What about Qwen? Does it get that right?

I've run several local models that get this right. Qwen 3.5 122B-A10B gets this right, as does Gemma 4 31B. These are local models I'm running on my laptop GPU (Strix Halo, 128 GiB of unified RAM).

And I've been using this commonly as a test when changing various parameters, so I've run it several times, these models get it consistently right. Amazing that Opus 4.7 whiffs it, these models are a couple of orders of magnitude smaller, at least if the rumors of the size of Opus are true.

▲

qingcharles 3 hours ago | parent [-]

Does Gemma 4 31B run full res on Strix or are you running a quantized one? How much context can you get?

▲

lambda 2 hours ago | parent [-]

I'm running an 8 bit quant right now, mostly for speed as memory bandwidth is the limiting factor and 8 bit quants generally lose very little compared to the full res, but also to save RAM.
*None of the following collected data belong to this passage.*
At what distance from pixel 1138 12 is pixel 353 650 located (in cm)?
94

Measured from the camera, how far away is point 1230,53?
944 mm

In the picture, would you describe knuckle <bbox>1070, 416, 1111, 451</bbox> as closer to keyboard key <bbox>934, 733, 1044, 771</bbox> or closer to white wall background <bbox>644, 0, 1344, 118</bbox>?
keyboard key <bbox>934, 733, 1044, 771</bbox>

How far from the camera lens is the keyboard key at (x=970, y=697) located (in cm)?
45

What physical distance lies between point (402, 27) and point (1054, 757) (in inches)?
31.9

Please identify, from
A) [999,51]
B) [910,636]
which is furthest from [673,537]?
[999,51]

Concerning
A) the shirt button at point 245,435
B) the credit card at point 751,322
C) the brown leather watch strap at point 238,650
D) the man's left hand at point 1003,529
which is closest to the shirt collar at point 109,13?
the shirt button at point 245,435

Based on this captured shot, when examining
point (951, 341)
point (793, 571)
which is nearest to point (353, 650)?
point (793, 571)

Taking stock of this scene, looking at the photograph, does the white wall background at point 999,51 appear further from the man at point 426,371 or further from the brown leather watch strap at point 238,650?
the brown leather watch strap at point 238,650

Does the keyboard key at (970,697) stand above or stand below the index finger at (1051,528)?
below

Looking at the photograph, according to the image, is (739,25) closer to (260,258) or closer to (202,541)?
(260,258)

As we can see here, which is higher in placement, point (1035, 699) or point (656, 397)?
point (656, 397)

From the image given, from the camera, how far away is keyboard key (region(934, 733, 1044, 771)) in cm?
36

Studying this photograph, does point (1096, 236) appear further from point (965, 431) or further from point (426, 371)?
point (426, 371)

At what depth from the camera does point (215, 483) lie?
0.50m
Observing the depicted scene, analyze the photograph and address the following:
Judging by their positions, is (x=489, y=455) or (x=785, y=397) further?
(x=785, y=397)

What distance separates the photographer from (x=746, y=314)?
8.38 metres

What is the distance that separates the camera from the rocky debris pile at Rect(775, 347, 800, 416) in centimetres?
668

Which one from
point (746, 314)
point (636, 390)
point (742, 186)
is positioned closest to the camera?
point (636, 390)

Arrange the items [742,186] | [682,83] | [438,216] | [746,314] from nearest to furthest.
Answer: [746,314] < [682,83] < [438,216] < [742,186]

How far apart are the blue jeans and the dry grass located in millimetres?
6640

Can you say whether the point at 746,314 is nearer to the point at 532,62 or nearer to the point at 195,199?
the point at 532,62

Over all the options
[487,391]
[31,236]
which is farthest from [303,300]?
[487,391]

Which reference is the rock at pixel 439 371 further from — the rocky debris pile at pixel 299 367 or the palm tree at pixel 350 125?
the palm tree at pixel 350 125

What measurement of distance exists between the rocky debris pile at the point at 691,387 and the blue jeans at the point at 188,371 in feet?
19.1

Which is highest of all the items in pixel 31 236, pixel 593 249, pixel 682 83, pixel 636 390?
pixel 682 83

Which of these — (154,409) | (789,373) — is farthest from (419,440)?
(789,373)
I'm still working on tweaking the settings; I'm hitting OOM fairly often right now, it turns out that the sliding window attention context is huge and llama.cpp wants to keep lots of context snapshots.

	▲	qingcharles an hour ago \| parent [-]
		I had a whole bunch of trouble getting Gemma 4 working properly. Mostly because there aren't many people running it yet, so there aren't many docs on how to set it up correctly. It is a fantastic model when it works, though! Good luck :)